Source data:
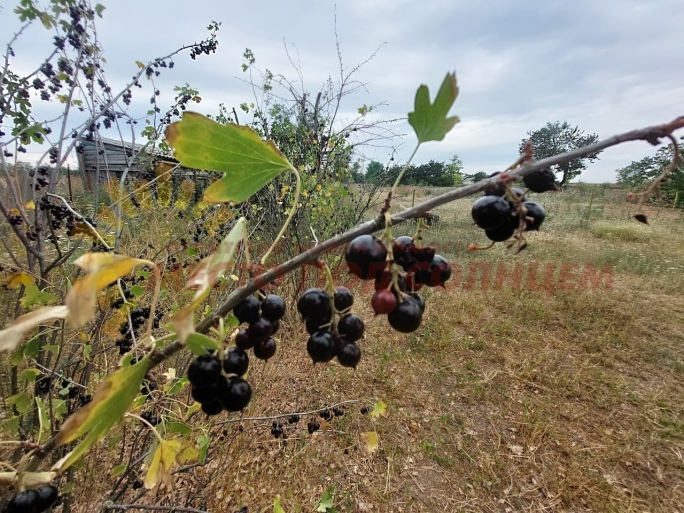 c0bb0b0217af20716dc554ce32ef093630b6237e4555c786ac9ee916384ee05a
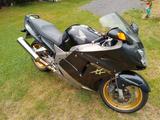 Honda CBR 1100xx zu verkaufen  - HONDA CBR 1100 XX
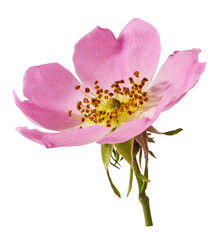 Obraz premium Fresh green rosemary herb falling in the air isolates on yellow background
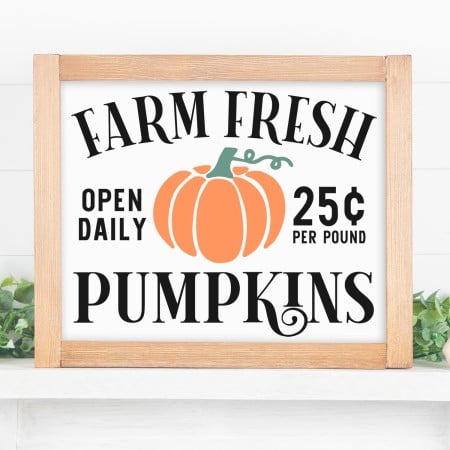Framed white sign with the saying Farm Fresh Pumpkins on it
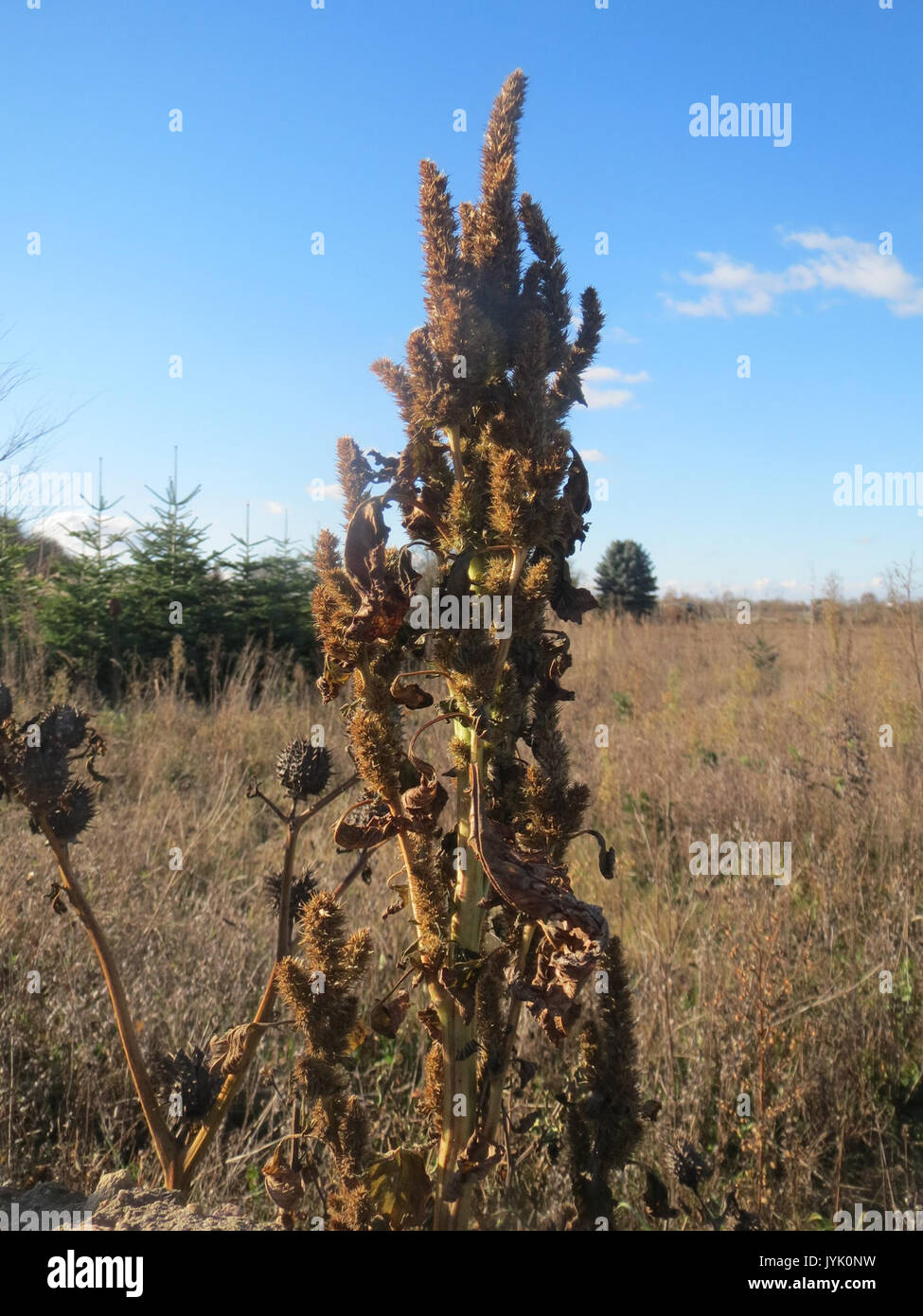 20161128Amaranthus retroflexus1 Banque D'Images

WHAT THE TASK ASKS: Please reproduce the records above exactly, omitting every picture.

TASK RESPONSE:
 c0bb0b0217af20716dc554ce32ef093630b6237e4555c786ac9ee916384ee05a
 Honda CBR 1100xx zu verkaufen  - HONDA CBR 1100 XX
 Obraz premium Fresh green rosemary herb falling in the air isolates on yellow background
Framed white sign with the saying Farm Fresh Pumpkins on it
 20161128Amaranthus retroflexus1 Banque D'Images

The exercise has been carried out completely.